ENTRIES SHOWN:
────────────────
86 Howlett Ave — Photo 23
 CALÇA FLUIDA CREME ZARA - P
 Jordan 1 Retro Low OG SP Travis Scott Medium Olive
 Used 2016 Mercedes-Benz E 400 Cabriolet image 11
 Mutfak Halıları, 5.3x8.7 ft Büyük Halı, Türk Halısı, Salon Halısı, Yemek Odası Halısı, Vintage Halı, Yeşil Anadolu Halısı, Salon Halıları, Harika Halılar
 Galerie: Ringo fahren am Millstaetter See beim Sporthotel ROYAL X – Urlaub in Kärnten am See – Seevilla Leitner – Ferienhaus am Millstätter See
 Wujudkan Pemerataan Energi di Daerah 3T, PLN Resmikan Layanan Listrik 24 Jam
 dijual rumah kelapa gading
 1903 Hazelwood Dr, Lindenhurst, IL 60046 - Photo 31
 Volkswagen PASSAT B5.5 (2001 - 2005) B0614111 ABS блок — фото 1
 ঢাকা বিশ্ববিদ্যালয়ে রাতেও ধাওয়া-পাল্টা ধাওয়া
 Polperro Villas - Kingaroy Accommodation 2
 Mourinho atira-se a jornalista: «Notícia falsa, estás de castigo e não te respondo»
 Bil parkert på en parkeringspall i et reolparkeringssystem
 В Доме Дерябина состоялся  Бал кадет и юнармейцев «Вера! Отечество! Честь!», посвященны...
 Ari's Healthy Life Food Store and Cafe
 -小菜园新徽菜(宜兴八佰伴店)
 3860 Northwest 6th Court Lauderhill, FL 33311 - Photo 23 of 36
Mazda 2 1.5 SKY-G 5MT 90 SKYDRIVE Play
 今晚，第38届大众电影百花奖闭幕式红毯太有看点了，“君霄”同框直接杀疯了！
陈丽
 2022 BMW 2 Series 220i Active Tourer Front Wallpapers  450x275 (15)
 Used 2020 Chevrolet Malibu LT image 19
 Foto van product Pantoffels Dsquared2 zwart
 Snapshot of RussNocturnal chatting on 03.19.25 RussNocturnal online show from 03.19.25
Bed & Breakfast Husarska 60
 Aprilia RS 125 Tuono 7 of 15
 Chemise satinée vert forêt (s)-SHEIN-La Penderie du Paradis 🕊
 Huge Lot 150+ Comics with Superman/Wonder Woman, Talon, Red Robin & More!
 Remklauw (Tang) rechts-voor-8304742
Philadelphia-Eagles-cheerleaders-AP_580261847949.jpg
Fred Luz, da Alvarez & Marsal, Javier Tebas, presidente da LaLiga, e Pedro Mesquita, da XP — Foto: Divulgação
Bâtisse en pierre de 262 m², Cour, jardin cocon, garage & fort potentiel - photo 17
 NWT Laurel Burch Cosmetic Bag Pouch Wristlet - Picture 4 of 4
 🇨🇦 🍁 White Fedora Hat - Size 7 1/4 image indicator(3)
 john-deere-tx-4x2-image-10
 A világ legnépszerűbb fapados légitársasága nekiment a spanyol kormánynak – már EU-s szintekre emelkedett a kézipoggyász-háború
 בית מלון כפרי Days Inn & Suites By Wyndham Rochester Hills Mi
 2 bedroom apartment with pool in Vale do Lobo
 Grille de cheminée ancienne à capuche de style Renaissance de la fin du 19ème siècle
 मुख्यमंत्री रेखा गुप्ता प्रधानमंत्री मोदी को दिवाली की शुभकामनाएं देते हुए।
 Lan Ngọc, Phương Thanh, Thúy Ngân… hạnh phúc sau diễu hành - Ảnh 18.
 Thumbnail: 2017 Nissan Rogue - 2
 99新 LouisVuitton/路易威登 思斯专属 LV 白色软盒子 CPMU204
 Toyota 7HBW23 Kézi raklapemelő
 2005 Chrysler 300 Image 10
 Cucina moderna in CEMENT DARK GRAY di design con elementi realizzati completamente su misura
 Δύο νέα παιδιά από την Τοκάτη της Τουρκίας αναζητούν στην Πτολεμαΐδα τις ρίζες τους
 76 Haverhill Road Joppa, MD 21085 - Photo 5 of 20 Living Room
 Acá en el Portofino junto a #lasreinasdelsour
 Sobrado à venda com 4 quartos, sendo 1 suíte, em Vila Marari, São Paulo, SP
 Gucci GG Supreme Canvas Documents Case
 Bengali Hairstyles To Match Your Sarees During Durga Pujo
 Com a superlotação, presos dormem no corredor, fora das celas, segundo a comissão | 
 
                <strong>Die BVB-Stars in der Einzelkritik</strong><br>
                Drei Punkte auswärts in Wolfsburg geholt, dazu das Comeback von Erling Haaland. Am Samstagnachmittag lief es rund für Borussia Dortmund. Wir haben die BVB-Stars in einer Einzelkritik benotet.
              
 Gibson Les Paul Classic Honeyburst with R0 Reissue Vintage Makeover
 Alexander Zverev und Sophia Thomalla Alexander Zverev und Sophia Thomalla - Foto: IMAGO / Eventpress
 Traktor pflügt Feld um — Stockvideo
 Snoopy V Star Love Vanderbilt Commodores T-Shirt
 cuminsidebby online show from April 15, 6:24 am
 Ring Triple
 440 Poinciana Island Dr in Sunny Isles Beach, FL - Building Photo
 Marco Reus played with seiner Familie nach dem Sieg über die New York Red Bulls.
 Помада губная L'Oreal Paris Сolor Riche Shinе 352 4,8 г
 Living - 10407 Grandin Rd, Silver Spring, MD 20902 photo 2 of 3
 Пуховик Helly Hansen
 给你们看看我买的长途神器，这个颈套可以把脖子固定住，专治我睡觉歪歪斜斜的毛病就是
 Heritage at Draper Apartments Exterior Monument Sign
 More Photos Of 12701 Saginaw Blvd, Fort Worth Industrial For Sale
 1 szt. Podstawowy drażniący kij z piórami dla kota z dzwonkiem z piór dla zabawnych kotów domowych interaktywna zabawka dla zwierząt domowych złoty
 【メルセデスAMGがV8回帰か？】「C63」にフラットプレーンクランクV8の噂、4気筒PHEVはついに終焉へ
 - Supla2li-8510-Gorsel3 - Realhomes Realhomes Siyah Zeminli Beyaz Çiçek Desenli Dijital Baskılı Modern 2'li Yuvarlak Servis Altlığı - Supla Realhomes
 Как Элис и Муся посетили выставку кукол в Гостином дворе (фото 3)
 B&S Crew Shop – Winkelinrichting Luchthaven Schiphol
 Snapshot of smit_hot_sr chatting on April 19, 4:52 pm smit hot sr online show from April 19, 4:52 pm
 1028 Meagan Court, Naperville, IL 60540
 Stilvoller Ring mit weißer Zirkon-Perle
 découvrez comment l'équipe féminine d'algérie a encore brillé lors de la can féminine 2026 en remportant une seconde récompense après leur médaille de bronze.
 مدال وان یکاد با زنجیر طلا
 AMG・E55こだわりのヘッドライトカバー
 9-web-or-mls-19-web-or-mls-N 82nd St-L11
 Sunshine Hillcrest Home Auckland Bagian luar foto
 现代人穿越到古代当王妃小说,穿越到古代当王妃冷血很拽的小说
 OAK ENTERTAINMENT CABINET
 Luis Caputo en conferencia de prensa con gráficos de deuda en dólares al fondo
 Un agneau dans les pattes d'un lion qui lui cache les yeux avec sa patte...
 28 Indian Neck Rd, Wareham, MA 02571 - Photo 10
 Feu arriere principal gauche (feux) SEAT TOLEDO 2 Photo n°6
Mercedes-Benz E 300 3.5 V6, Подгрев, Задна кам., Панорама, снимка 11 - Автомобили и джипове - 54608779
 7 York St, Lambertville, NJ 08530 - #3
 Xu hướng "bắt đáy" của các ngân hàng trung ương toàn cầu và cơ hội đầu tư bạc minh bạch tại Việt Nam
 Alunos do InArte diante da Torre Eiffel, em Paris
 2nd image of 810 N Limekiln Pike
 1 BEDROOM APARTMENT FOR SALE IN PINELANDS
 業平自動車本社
────────────────
AIM OF THE EXERCISE: Send back each record exactly as it stands.

FINISHED EXERCISE:
86 Howlett Ave — Photo 23
 CALÇA FLUIDA CREME ZARA - P
 Jordan 1 Retro Low OG SP Travis Scott Medium Olive
 Used 2016 Mercedes-Benz E 400 Cabriolet image 11
 Mutfak Halıları, 5.3x8.7 ft Büyük Halı, Türk Halısı, Salon Halısı, Yemek Odası Halısı, Vintage Halı, Yeşil Anadolu Halısı, Salon Halıları, Harika Halılar
 Galerie: Ringo fahren am Millstaetter See beim Sporthotel ROYAL X – Urlaub in Kärnten am See – Seevilla Leitner – Ferienhaus am Millstätter See
 Wujudkan Pemerataan Energi di Daerah 3T, PLN Resmikan Layanan Listrik 24 Jam
 dijual rumah kelapa gading
 1903 Hazelwood Dr, Lindenhurst, IL 60046 - Photo 31
 Volkswagen PASSAT B5.5 (2001 - 2005) B0614111 ABS блок — фото 1
 ঢাকা বিশ্ববিদ্যালয়ে রাতেও ধাওয়া-পাল্টা ধাওয়া
 Polperro Villas - Kingaroy Accommodation 2
 Mourinho atira-se a jornalista: «Notícia falsa, estás de castigo e não te respondo»
 Bil parkert på en parkeringspall i et reolparkeringssystem
 В Доме Дерябина состоялся  Бал кадет и юнармейцев «Вера! Отечество! Честь!», посвященны...
 Ari's Healthy Life Food Store and Cafe
 -小菜园新徽菜(宜兴八佰伴店)
 3860 Northwest 6th Court Lauderhill, FL 33311 - Photo 23 of 36
Mazda 2 1.5 SKY-G 5MT 90 SKYDRIVE Play
 今晚，第38届大众电影百花奖闭幕式红毯太有看点了，“君霄”同框直接杀疯了！
陈丽
 2022 BMW 2 Series 220i Active Tourer Front Wallpapers  450x275 (15)
 Used 2020 Chevrolet Malibu LT image 19
 Foto van product Pantoffels Dsquared2 zwart
 Snapshot of RussNocturnal chatting on 03.19.25 RussNocturnal online show from 03.19.25
Bed & Breakfast Husarska 60
 Aprilia RS 125 Tuono 7 of 15
 Chemise satinée vert forêt (s)-SHEIN-La Penderie du Paradis 🕊
 Huge Lot 150+ Comics with Superman/Wonder Woman, Talon, Red Robin & More!
 Remklauw (Tang) rechts-voor-8304742
Philadelphia-Eagles-cheerleaders-AP_580261847949.jpg
Fred Luz, da Alvarez & Marsal, Javier Tebas, presidente da LaLiga, e Pedro Mesquita, da XP — Foto: Divulgação
Bâtisse en pierre de 262 m², Cour, jardin cocon, garage & fort potentiel - photo 17
 NWT Laurel Burch Cosmetic Bag Pouch Wristlet - Picture 4 of 4
 🇨🇦 🍁 White Fedora Hat - Size 7 1/4 image indicator(3)
 john-deere-tx-4x2-image-10
 A világ legnépszerűbb fapados légitársasága nekiment a spanyol kormánynak – már EU-s szintekre emelkedett a kézipoggyász-háború
 בית מלון כפרי Days Inn & Suites By Wyndham Rochester Hills Mi
 2 bedroom apartment with pool in Vale do Lobo
 Grille de cheminée ancienne à capuche de style Renaissance de la fin du 19ème siècle
 मुख्यमंत्री रेखा गुप्ता प्रधानमंत्री मोदी को दिवाली की शुभकामनाएं देते हुए।
 Lan Ngọc, Phương Thanh, Thúy Ngân… hạnh phúc sau diễu hành - Ảnh 18.
 Thumbnail: 2017 Nissan Rogue - 2
 99新 LouisVuitton/路易威登 思斯专属 LV 白色软盒子 CPMU204
 Toyota 7HBW23 Kézi raklapemelő
 2005 Chrysler 300 Image 10
 Cucina moderna in CEMENT DARK GRAY di design con elementi realizzati completamente su misura
 Δύο νέα παιδιά από την Τοκάτη της Τουρκίας αναζητούν στην Πτολεμαΐδα τις ρίζες τους
 76 Haverhill Road Joppa, MD 21085 - Photo 5 of 20 Living Room
 Acá en el Portofino junto a #lasreinasdelsour
 Sobrado à venda com 4 quartos, sendo 1 suíte, em Vila Marari, São Paulo, SP
 Gucci GG Supreme Canvas Documents Case
 Bengali Hairstyles To Match Your Sarees During Durga Pujo
 Com a superlotação, presos dormem no corredor, fora das celas, segundo a comissão | 
 
                <strong>Die BVB-Stars in der Einzelkritik</strong><br>
                Drei Punkte auswärts in Wolfsburg geholt, dazu das Comeback von Erling Haaland. Am Samstagnachmittag lief es rund für Borussia Dortmund. Wir haben die BVB-Stars in einer Einzelkritik benotet.
              
 Gibson Les Paul Classic Honeyburst with R0 Reissue Vintage Makeover
 Alexander Zverev und Sophia Thomalla Alexander Zverev und Sophia Thomalla - Foto: IMAGO / Eventpress
 Traktor pflügt Feld um — Stockvideo
 Snoopy V Star Love Vanderbilt Commodores T-Shirt
 cuminsidebby online show from April 15, 6:24 am
 Ring Triple
 440 Poinciana Island Dr in Sunny Isles Beach, FL - Building Photo
 Marco Reus played with seiner Familie nach dem Sieg über die New York Red Bulls.
 Помада губная L'Oreal Paris Сolor Riche Shinе 352 4,8 г
 Living - 10407 Grandin Rd, Silver Spring, MD 20902 photo 2 of 3
 Пуховик Helly Hansen
 给你们看看我买的长途神器，这个颈套可以把脖子固定住，专治我睡觉歪歪斜斜的毛病就是
 Heritage at Draper Apartments Exterior Monument Sign
 More Photos Of 12701 Saginaw Blvd, Fort Worth Industrial For Sale
 1 szt. Podstawowy drażniący kij z piórami dla kota z dzwonkiem z piór dla zabawnych kotów domowych interaktywna zabawka dla zwierząt domowych złoty
 【メルセデスAMGがV8回帰か？】「C63」にフラットプレーンクランクV8の噂、4気筒PHEVはついに終焉へ
 - Supla2li-8510-Gorsel3 - Realhomes Realhomes Siyah Zeminli Beyaz Çiçek Desenli Dijital Baskılı Modern 2'li Yuvarlak Servis Altlığı - Supla Realhomes
 Как Элис и Муся посетили выставку кукол в Гостином дворе (фото 3)
 B&S Crew Shop – Winkelinrichting Luchthaven Schiphol
 Snapshot of smit_hot_sr chatting on April 19, 4:52 pm smit hot sr online show from April 19, 4:52 pm
 1028 Meagan Court, Naperville, IL 60540
 Stilvoller Ring mit weißer Zirkon-Perle
 découvrez comment l'équipe féminine d'algérie a encore brillé lors de la can féminine 2026 en remportant une seconde récompense après leur médaille de bronze.
 مدال وان یکاد با زنجیر طلا
 AMG・E55こだわりのヘッドライトカバー
 9-web-or-mls-19-web-or-mls-N 82nd St-L11
 Sunshine Hillcrest Home Auckland Bagian luar foto
 现代人穿越到古代当王妃小说,穿越到古代当王妃冷血很拽的小说
 OAK ENTERTAINMENT CABINET
 Luis Caputo en conferencia de prensa con gráficos de deuda en dólares al fondo
 Un agneau dans les pattes d'un lion qui lui cache les yeux avec sa patte...
 28 Indian Neck Rd, Wareham, MA 02571 - Photo 10
 Feu arriere principal gauche (feux) SEAT TOLEDO 2 Photo n°6
Mercedes-Benz E 300 3.5 V6, Подгрев, Задна кам., Панорама, снимка 11 - Автомобили и джипове - 54608779
 7 York St, Lambertville, NJ 08530 - #3
 Xu hướng "bắt đáy" của các ngân hàng trung ương toàn cầu và cơ hội đầu tư bạc minh bạch tại Việt Nam
 Alunos do InArte diante da Torre Eiffel, em Paris
 2nd image of 810 N Limekiln Pike
 1 BEDROOM APARTMENT FOR SALE IN PINELANDS
 業平自動車本社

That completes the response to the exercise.